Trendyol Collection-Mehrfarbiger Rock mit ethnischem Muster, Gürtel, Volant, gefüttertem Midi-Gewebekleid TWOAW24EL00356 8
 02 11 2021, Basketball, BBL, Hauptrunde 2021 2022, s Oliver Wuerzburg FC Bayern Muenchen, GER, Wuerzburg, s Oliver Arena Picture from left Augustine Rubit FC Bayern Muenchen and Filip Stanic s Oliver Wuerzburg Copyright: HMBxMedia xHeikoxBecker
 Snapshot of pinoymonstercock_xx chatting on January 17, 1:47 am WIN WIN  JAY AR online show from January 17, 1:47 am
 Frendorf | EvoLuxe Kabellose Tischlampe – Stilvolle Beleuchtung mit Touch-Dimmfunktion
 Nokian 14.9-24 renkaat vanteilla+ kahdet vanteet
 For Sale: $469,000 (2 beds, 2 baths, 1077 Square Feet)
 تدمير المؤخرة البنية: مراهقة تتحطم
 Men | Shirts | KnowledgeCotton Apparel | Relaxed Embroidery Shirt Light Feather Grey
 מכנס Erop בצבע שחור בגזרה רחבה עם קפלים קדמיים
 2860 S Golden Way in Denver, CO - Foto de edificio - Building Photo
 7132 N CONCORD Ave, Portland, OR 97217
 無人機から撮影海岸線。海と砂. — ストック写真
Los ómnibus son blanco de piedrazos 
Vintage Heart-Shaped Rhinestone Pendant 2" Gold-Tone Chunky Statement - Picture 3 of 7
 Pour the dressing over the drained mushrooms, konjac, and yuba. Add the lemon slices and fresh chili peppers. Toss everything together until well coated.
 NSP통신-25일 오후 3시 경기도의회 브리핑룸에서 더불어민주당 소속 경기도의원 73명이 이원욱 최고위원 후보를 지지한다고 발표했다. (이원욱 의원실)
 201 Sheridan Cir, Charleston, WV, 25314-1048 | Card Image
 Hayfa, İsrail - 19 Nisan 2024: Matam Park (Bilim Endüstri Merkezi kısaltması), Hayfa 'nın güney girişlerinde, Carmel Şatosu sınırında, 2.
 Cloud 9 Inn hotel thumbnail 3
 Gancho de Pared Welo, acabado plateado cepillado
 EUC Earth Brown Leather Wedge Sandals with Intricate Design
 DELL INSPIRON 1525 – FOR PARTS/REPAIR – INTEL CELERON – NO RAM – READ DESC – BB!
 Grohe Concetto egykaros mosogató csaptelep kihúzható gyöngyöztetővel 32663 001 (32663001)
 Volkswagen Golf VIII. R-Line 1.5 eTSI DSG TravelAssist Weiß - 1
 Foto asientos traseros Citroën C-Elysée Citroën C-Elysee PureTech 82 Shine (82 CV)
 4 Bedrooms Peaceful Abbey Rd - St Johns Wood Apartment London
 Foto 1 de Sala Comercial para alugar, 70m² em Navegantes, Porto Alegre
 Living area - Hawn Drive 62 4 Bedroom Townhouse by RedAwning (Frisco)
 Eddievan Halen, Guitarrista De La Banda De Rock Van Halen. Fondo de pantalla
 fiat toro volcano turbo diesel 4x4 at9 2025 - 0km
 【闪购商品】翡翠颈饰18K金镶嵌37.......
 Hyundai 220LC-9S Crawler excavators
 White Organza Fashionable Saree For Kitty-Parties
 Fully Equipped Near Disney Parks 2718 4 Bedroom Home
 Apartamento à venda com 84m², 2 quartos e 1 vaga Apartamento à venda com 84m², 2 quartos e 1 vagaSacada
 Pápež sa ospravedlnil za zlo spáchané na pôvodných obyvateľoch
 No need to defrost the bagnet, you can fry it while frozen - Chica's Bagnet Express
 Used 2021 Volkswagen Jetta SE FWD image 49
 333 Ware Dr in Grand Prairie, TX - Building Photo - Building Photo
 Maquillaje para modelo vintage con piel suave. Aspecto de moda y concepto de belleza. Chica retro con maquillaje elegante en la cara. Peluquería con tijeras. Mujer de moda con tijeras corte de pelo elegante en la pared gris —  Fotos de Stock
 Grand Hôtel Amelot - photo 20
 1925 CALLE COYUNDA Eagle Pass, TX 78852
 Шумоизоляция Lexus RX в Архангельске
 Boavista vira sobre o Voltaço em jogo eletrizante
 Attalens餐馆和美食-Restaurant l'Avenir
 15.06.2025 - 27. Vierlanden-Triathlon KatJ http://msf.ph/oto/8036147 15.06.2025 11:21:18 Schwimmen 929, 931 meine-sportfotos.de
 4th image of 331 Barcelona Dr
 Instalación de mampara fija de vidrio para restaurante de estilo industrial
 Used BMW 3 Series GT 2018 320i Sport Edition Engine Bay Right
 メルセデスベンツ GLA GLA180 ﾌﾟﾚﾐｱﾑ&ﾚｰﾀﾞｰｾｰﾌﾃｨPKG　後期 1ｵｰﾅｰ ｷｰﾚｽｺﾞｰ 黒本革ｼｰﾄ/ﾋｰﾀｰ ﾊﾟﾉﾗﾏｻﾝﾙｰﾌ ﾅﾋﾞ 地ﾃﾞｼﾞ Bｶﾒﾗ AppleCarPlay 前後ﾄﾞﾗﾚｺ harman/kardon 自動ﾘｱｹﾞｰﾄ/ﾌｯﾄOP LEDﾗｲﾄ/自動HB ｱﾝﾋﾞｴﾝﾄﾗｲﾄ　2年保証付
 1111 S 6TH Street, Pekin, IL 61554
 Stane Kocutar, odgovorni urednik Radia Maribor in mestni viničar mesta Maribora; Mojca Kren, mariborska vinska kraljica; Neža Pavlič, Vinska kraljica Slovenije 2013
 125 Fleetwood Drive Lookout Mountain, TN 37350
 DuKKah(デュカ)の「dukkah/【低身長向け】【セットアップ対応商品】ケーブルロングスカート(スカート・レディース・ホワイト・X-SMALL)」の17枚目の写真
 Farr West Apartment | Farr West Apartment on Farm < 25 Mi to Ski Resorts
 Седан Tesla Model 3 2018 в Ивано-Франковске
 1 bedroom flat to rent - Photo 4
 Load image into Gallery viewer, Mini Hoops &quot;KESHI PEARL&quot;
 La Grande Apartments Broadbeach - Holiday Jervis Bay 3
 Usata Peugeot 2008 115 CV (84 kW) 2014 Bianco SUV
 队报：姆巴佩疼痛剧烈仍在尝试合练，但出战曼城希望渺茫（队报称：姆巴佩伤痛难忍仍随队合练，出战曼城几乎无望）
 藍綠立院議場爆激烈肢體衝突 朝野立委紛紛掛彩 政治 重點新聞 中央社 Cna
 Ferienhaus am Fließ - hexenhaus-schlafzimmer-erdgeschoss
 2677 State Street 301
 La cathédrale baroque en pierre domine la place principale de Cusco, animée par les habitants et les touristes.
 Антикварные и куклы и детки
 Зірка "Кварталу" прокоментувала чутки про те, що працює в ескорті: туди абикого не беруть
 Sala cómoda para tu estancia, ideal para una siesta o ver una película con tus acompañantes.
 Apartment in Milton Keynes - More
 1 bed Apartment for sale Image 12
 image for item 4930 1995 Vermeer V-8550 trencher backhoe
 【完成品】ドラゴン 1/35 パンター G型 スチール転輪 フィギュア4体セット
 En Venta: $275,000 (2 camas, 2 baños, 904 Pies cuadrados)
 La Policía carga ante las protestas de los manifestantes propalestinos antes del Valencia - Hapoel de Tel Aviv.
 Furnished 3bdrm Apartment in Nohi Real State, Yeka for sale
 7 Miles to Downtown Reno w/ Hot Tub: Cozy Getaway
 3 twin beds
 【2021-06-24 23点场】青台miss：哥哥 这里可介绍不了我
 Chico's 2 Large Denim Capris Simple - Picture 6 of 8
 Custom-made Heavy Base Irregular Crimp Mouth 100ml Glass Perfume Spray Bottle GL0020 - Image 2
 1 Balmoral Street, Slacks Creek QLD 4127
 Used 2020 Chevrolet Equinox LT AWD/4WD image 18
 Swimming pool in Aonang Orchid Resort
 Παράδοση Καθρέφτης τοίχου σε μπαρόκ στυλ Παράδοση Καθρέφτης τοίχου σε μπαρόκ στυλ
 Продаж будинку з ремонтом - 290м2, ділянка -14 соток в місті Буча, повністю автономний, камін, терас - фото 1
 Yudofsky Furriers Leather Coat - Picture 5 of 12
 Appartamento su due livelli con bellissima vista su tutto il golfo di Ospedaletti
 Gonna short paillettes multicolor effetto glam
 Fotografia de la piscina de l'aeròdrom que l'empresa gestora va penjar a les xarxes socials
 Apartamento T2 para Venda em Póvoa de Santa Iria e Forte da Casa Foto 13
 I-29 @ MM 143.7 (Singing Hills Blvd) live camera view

» ABOUT THIS TASK
Filter the records for the word "beds" and show every line that has it.

» RESULT OF THIS EXERCISE
 For Sale: $469,000 (2 beds, 2 baths, 1077 Square Feet)
 3 twin beds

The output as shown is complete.